Start of Block

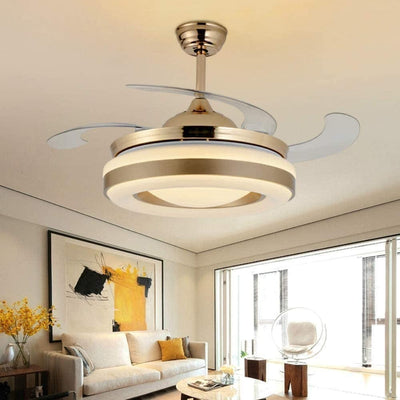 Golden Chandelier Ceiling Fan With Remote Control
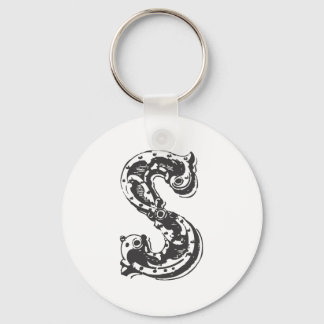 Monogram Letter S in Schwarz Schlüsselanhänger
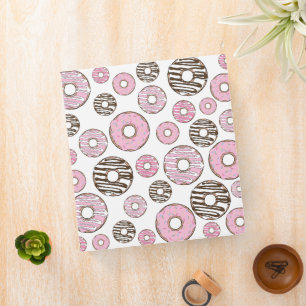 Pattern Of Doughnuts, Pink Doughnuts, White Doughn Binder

End of Block
Start of Block

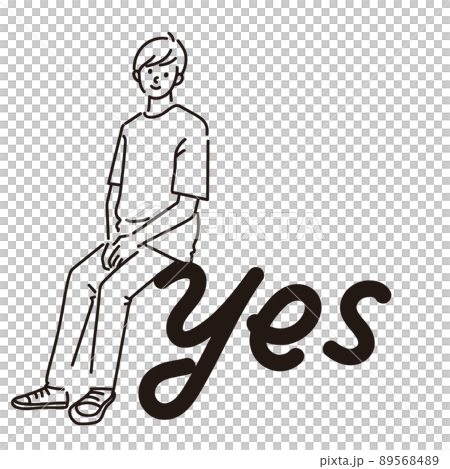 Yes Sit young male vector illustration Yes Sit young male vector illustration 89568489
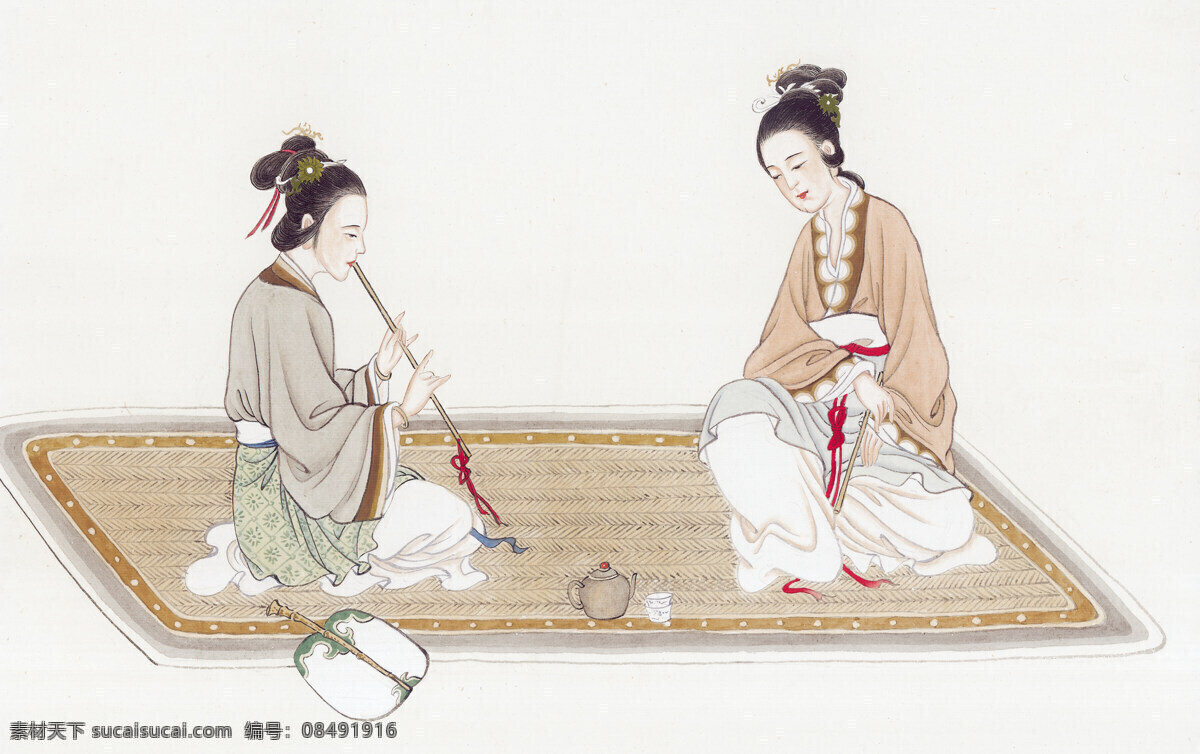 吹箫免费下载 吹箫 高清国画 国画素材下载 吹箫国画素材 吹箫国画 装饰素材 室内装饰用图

End of Block
Start of Block

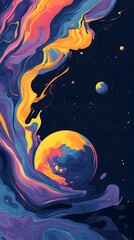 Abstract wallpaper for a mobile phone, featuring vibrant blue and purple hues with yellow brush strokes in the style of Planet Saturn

End of Block

Work instruction:
Reproduce the lines above starting at the one with "Yes Sit young male vector illustration Yes" and ending at the one with "吹箫免费下载 吹箫 高清国画", both included, exactly and with no pictures.

Written reply:
 Yes Sit young male vector illustration Yes Sit young male vector illustration 89568489
 吹箫免费下载 吹箫 高清国画 国画素材下载 吹箫国画素材 吹箫国画 装饰素材 室内装饰用图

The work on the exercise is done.